Amid this growing tension, the school asks Eliza and Len to work side by side to demonstrate civility. But as they get to know one another, Eliza feels increasingly trapped by a horrifying realization—she just might be falling for the face of the patriarchy himself.

Not Here to Be Liked has left behind an impression on me that is both hard to eloquently write down and make coherent sense. I will try to organize it in some way, but please bear with me.

Firstly, I knew I was in love when I first turned on the audiobook and heard the first few chapters. Eliza Quan is a Vietnamese Chinese girl with parents who immigrated to North America as refugees from the aftermath of the Vietnam War. Her family has kept Chinese roots regardless of living in Vietnam for at least a generation so their household speaks a combination of Vietnamese and Cantonese. I’m just going to say that seeing (or rather, hearing) the Cantonese and every day references mentioned sent a delighted thrill of surprise through me. Like the following quote:

“Make sure you have enough rice to eat.”

Quan family motto

You have no idea how many times I grew up hearing this from my grandparents. It’s why I’m more of a noodle person as an adult because I had way too much rice as a child.

This made me feel like Eliza (and her family) was someone I intimately knew right away. Like she could’ve been a part of my family. Or my boyfriend’s family. It was so surreal to feel represented in fiction because I’m quite used to never seeing that. Even amidst the surge of Asian representation in YA, there was never any protagonist that quite hit the nail like Eliza did for me. (I won’t nitpick that the Cantonese spoken on the audiobook wasn’t quite without an accent, but it was still amazing!).

But aside from my personal connection to Eliza and her family, this book is about feminism. Or rather, the unwitting face of feminism Eliza becomes when someone released her rant – aka manifesto – about losing the school paper’s editor in chief vote.
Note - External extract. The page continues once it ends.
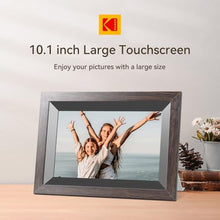 Load image into Gallery viewer, KODAK 10.1 Inch WiFi Digital Picture Frame with 32GB Storage, Electronic Smart Digital Photo Frame 1280x800 IPS Touch Screen, Auto-Rotate, Share Moments Instantly Gifts for Women Mothers Day Christmas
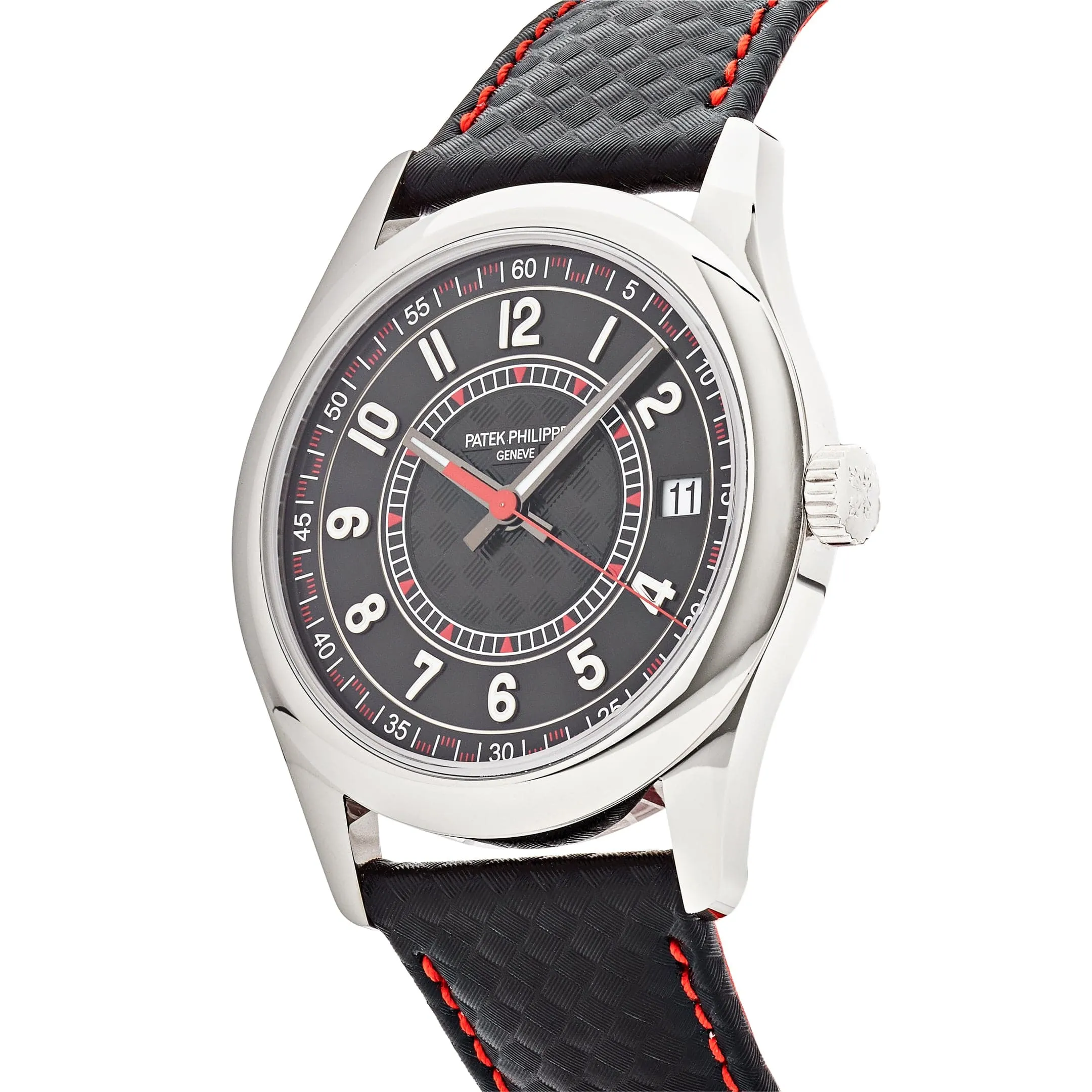 Patek Philippe Calatrava 6007G-010 White Gold Red Accents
To a boy.

Maybe like most of us, we wouldn’t know what to do when we become the face of feminism among our peers. I sure wouldn’t. So all of a sudden, she’s launched into infamy, targeted by certain classmates with awful comments on social media and scrawled across her locker. Which in and of itself is sexist as the manifesto equally targets Len as the “face of patriarchy”. Why wouldn’t he get equal treatment against him, the target of the paper?

This exploration of “what makes one a feminist” and “how should a feminist act” was one I had to sit with for a while in writing this review. What does one immediately think of when we say “feminism”?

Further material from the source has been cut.